Avec la vente en bloc de 10 titres de presse magazine, le groupe Lagardère confirme sa stratégie d’optimisation de ses actifs, et son retrait progressif de la presse, insuffisamment rentable. Les activités de distribution et d’édition n’en prennent que plus d’importance, seul l’audiovisuel témoignant aujourd’hui d’un vrai dynamisme au sein de Lagardère Active, la division médias du groupe.
Un recentrage du groupe dicté par une logique financière
Alors que le groupe Lagardère comptait parmi les conglomérats industriels français les plus puissants dans les années 1980, présent dans l’aéronautique, la défense, l’automobile et les médias, incontournable même avec sa participation au capital de La Cinq à la suite de la libéralisation de l’audiovisuel en France, il se recentre aujourd’hui sur ses activités les plus rentables et abandonne son statut de géant, faisant ainsi prévaloir la logique financière sur la logique industrielle. Opéré par Arnaud Lagardère, ce virage a d’abord consisté à recentrer le groupe sur les médias (voir REM n°16, p.36), la sortie définitive des anciennes activités industrielles et de défense remontant au 12 avril 2013 avec la vente des 7,4 % de capital que Lagardère détenait dans EADS. Et le recentrage s’accélère depuis la fin des années 2000, concernant également, désormais, les médias historiques quand ceux-ci voient leur rentabilité décliner, a fortiori quand ils ne parviennent pas à dégager des bénéfices.

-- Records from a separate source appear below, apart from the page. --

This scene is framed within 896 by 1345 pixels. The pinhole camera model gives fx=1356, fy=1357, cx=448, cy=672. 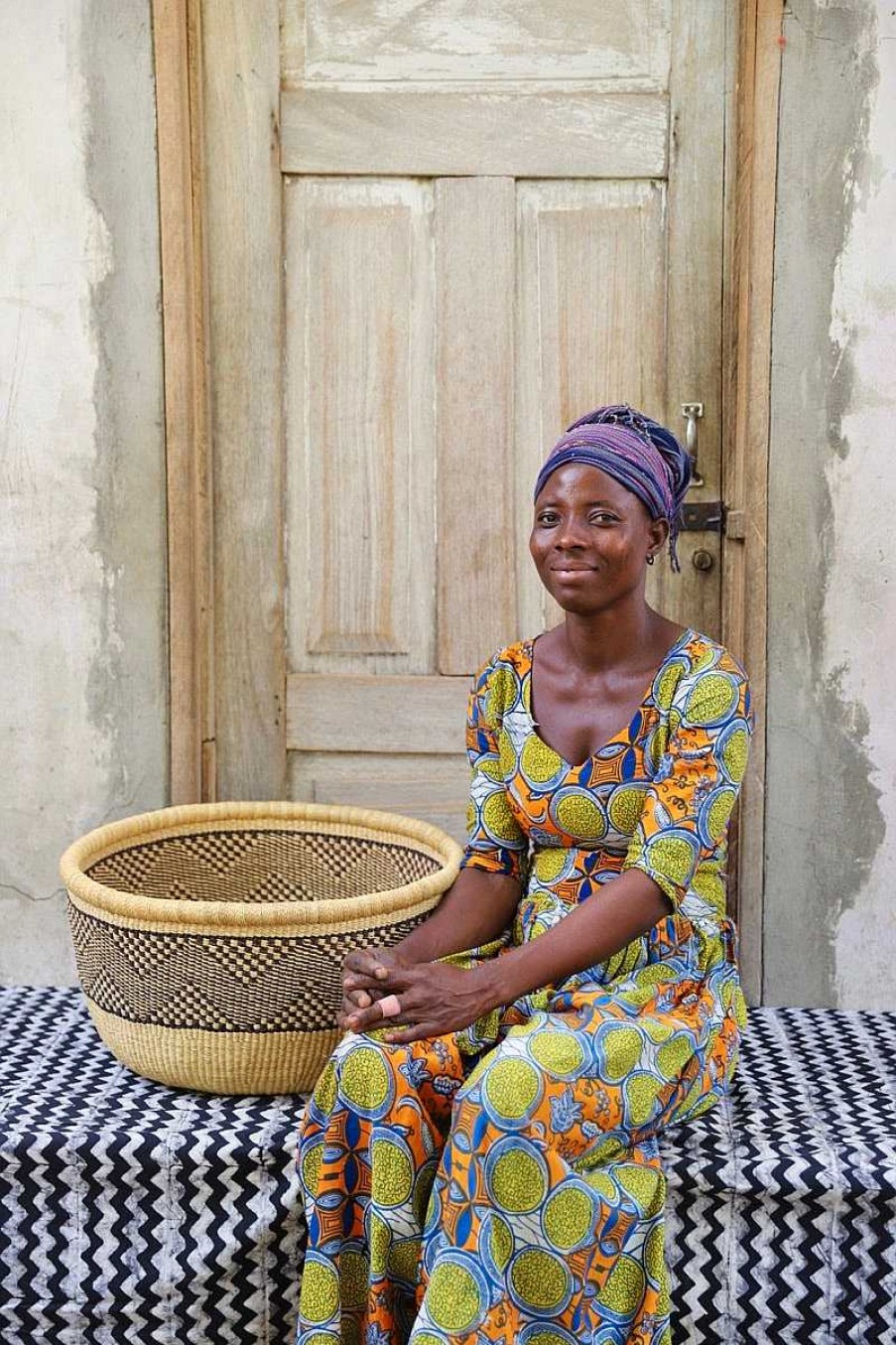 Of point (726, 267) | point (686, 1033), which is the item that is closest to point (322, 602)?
point (726, 267)

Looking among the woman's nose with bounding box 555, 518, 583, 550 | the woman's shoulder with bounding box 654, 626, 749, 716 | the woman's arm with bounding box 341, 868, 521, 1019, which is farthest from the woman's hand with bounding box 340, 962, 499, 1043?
the woman's nose with bounding box 555, 518, 583, 550

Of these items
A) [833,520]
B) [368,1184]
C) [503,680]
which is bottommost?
[368,1184]

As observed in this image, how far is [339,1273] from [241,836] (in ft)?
3.48

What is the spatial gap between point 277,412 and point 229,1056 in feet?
4.67

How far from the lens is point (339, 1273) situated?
2.04 metres

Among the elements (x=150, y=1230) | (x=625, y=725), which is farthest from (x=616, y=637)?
(x=150, y=1230)

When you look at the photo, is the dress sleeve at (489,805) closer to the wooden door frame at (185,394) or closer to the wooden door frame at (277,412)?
the wooden door frame at (277,412)

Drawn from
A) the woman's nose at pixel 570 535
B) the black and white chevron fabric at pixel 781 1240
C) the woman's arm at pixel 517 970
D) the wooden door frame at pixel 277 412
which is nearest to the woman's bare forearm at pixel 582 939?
the woman's arm at pixel 517 970

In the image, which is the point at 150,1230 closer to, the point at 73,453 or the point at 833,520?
the point at 73,453

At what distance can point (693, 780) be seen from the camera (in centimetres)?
218

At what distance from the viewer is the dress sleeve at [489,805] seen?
8.01 ft

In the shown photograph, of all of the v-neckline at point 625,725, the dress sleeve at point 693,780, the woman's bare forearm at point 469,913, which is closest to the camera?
the dress sleeve at point 693,780

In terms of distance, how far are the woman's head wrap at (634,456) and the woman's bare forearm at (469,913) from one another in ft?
2.18

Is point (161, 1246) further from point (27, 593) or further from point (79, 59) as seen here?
point (79, 59) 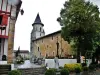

Cette logique financière explique la revente par Lagardère de sa chaîne TNT Virgin 17 au groupe Bolloré, en 2010, Virgin 17 ne parvenant pas à être rentable du fait de ses obligations de programmation musicale (voir REM n°16, p.36). Elle explique également la stratégie de cession des participations minoritaires du groupe, lesquelles sont frappées de décote, et parallèlement la volonté du groupe de contrôler la totalité de ses actifs. Lagardère s’est ainsi séparé en 2013, à chaque fois après de longues négociations, de ses 25 % dans le groupe Amaury, puis de ses 20 % dans Canal+ France. Lagardère cherche par ailleurs à céder à un prix raisonnable les 42 % qu’il détient dans le Groupe Marie Claire. A l’inverse, dans la télévision où le groupe est positionné avec ses chaînes jeunesse CanalJ et Tiji, Lagardère a entamé des négociations avec France Télévisions afin de racheter au groupe audiovisuel public les 34 % que celui-ci détient dans leur coentreprise Gulli.
Mais la logique financière qui préside plus qu’auparavant aux destinées du groupe Lagardère se traduit également dans le nouveau tracé de son périmètre, y compris pour ses activités médias. Le groupe compte quatre grandes divisions, dont deux ne cessent de se développer, la distribution et l’édition. La première est Lagardère Services, le pôle distribution de presse et distribution spécialisée (travel retail), avec un réseau de points de vente dans les gares et dans les aéroports du monde entier. Cette activité internationalisée, réalisée aux trois quarts hors de France, représentait en 2012 quelque 3,8 milliards d’euros de chiffres d’affaires. Seul le travel retail est très rentable, ce qui conduit Lagardère à se retirer progressivement des activités de distribution de presse. Le groupe a ainsi cédé en 2011 sa participation de 49 % dans la messagerie française Presstalis pour 1 euro symbolique, et le Wall Street Journal a indiqué le 13 décembre 2013 que Lagardère cherchait à céder ses activités de distribution de presse en Europe et au Canada.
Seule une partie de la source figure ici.